# Slayer + VRO



## tomcon (15. Oktober 2004)

Moinsen,

ich habe ein Slayer 70 und den Syntace VRO-Vorbau mit nem 12° Lenker.
Kurzfristig hatte ich einen 16°-Lenker dran. Der erschien mir zu sehr gekrümmt. Jetzt bin ich wieder am Schwanken, ob ich nicht wieder auf 16° umrüste (bequemer).

Welche Lenker und Krümmungen fahrt ihr???



greetz


----------



## schlappmacher (17. Oktober 2004)

Hi,

ich hab noch keine Erfahrung, aber werde mein 2004er Slayer mit dem Syntace VRO ECO mit 12° Kröpfung ausrüsten. Scheint ja keine schlechte Wahl zu sein, nach  Deinem posting. Werd aber erst nächste Saison damit fahrn.

Ciao,

Schlappmacher


----------



## MTB-News.de




----------



## Alexeus (17. Oktober 2004)

schlappmacher schrieb:
			
		

> Hi,
> 
> ich hab noch keine Erfahrung, aber werde mein 2004er Slayer mit dem Syntace VRO ECO mit 12° Kröpfung ausrüsten.
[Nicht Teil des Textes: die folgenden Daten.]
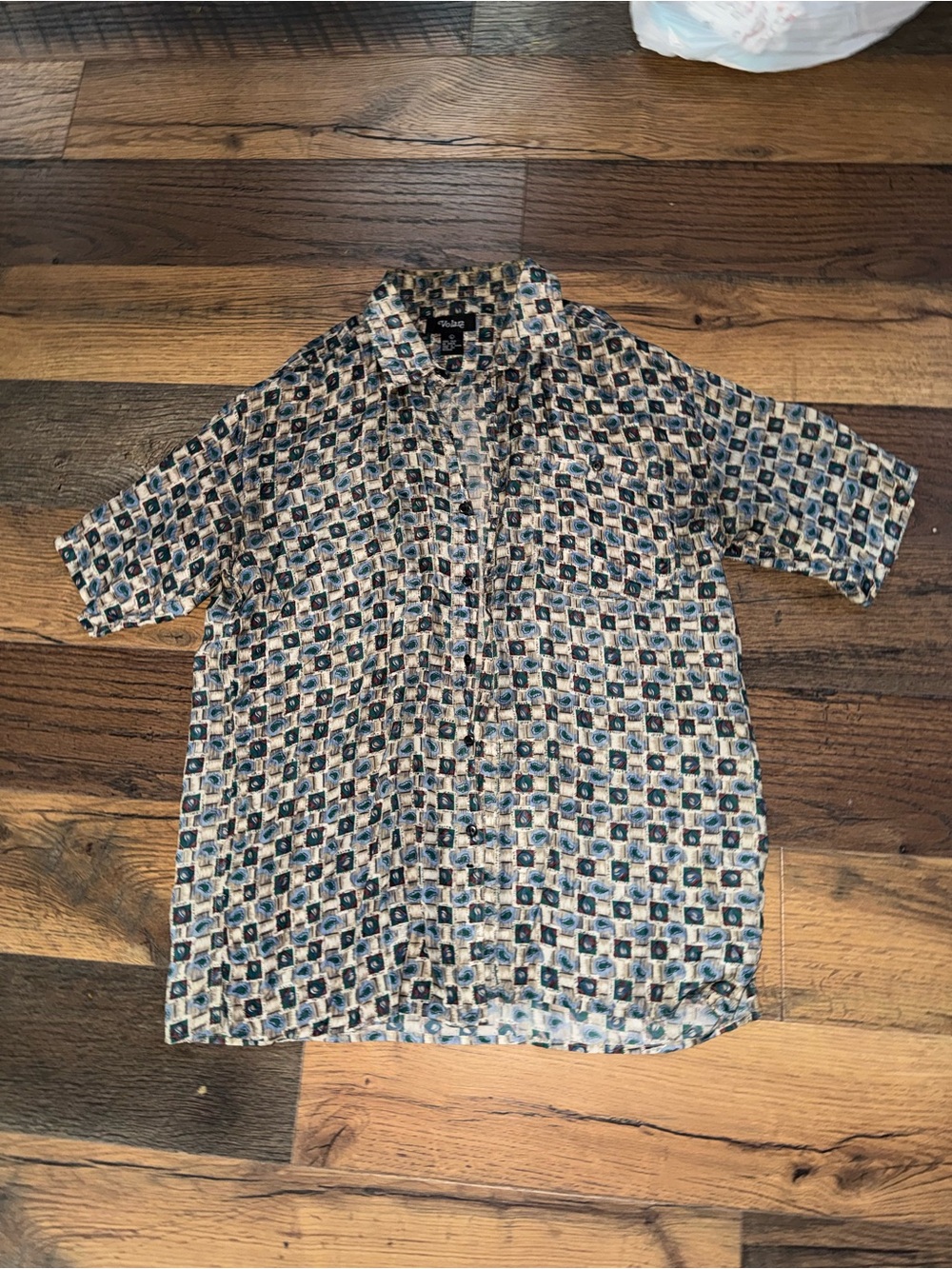 Volare Beige Button-Down Shirt with Blue Geometric Pattern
Scheint ja keine schlechte Wahl zu sein, nach  Deinem posting. Werd aber erst nächste Saison damit fahrn.
> 
> ...




Hi,
hatte an meinem alten Switch 2002 auch den VRO Vorbau mit einem 12° Lenker (VRO Vector Lowrider).
Fand das eigentlich ganz gut. Ich denke der 16° ist evtl. doch ziemlich weit nach hinten gebogen.

Aloha,
Alexeus


----------